Rindu sebagai sebuah rasa pun kini berubah jadi mati rasa. Ia menjelma menjadi kepura-puraan hingga ketidakbersatuan sangat mungkin terjeda.
Terjeda dari apa? Dari jasad yang tak bersua // Lalu diri? Diri tetap terkoneksi // melalui layar kaca seukuran jari. (hlm 2)
Bahkan Sabil menilai bahwa zaman ini adalah pengulangan neo-jahiliyah. Orang-orang memang bukan memuja berhala tapi uang dan kuota.
Oh Tuhan! zaman jahiliah adalah dua rupa// Dari para pemuja berhala// Dan manusia yang menghamba sosial media. (hlm 42)
Sabil memang pandai merangkai kata termasuk membaca suasana. Ia melihat orang-orang di sekelilingnya tengah mengalami masalah pelik dengan gawainya. Sebagai kaum muda Sabil memang kritis ia bahkan berharap agar orang-orang sadar bahwa ada yang lebih kudus ketimbang selalu bersama gawai.
Di bagian akhir yang sebenarnya bukan sebuah penutup atau kesimpulan Sabil menarasikan sebuah pesan agar kita lebih mementingkan hal yang esensial. Hidup kita terlalu dangkal karena sejak modernitas hadir kita menjadi manusia yang terseok-seok melihat kulit daripada inti, tenggelam dalam like komentar, terpatri oleh kesenangan fana, terpasung jiwa dan bahkan matinya cinta.
Kiamat bukanlah bencana// Tetapi hancurnya norma// Dan wafatnya cinta. (hlm 87)
Saya melihat banyak pengaruh dari gaya berpuisi Sabil ini ambil contoh pada verse 1 larik puisinya mengingatkan kita pada sabda Gus Dur "Tidak penting apapun agamamu atau sukumu, jika engkau mampu melakukan sesuatu yang baik untuk semua orang, orang tidak pernah tanya apa agamamu". Mungkin inilah yang disebut sebagai keterpengaruhan karena hasil bacaan tertentu. Secara lebih jauh ketika ditelaah puisi Sabil ini juga banyak corak yang dipengaruhi kredo filsafat serta tokoh sekaliber Nizar Qabbani, Ali Ahmad Said (Adonis). Para penyair Timur Barat itu seolah-olah merasuk ke jiwanya walau sesaat.

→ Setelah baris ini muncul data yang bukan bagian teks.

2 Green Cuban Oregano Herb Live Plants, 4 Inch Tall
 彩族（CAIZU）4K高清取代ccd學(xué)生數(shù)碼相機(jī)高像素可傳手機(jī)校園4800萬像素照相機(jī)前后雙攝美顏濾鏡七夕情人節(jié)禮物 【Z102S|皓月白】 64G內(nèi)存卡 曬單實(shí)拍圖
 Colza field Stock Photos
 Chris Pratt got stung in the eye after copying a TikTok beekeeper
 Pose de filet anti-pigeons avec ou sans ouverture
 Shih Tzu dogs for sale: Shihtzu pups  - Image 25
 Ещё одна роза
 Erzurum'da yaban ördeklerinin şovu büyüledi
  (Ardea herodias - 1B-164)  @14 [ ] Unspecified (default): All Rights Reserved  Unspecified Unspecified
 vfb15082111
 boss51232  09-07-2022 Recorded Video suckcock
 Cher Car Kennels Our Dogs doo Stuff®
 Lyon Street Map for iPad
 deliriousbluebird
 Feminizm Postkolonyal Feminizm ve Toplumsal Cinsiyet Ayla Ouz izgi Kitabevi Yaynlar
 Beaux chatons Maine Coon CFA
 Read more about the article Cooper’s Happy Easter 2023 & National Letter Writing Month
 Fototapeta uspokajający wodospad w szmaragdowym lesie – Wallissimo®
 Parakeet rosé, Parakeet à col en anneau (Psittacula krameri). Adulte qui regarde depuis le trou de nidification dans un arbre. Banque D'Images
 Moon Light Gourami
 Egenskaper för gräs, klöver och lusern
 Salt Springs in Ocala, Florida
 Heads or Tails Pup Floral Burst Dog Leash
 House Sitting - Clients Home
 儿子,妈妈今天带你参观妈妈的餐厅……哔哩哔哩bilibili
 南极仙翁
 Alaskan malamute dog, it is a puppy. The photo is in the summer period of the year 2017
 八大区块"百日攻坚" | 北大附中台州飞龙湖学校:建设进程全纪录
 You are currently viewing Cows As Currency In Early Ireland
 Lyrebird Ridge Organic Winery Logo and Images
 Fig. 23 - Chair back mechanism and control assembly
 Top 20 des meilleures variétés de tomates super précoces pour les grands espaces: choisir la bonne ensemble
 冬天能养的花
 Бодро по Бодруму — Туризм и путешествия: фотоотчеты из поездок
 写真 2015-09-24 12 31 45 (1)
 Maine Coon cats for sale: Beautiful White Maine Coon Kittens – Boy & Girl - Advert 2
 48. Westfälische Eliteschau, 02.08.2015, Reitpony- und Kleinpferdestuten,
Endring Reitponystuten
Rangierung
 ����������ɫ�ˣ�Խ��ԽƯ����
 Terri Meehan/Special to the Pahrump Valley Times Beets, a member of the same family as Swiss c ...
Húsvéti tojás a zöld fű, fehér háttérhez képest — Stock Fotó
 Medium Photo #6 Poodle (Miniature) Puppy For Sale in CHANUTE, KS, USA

Saya juga mencatat bahwa puisi Sabil ini tidak lebih dari sekadar othak-athik-manthuk ala Joko Pinurbo. Puisi yang seninya lewat kata-kata terbalik. Puisi itu tidak hanya sekadar rima yang akhiranya harus kaku dan ditentukan oleh pakem tapi puisi itu lebih dari segala hal yang kadang kita sendiri tak memahinya. Di mana-mana penyakit penyair itu demikian. Atau paling sering terjadi karena terlalu hiperbolik pada setiap kata. Padahal kata-kata tidak selalu melulu bermetafora dan seharusnya ia memang harus berdiri sendiri.
Saya sadar bukan seniman kata yang tidak boleh menghakimi para penyair, sebab pekerjaan itu keliru. Saya juga tidak begitu banyak menyerap ilmu HB Jasin sebagai paus dan kritikus sastra bangsa ini. Tapi setidaknya kita memahami bahwa kata-kata itu rapuh, maknanya sangat multitafsir. Yang abadi hanyalah imajinasi. Maka tak salah jika Einstein sangat menghargai betapa mahalnya imajinasi.
Terakhir saya harus mengakui sangat menikmati perayaan puisi Sabil ini. Seperti namanya Sabil yang berarti pejalan ia masih menganggap karyanya sebagai pembelajaran. Sehingga esok kita masih bisa menunggu anak muda ini akan melahirkan karya terbarunya. Teruslah berkarya, Presiden Republik Rindu.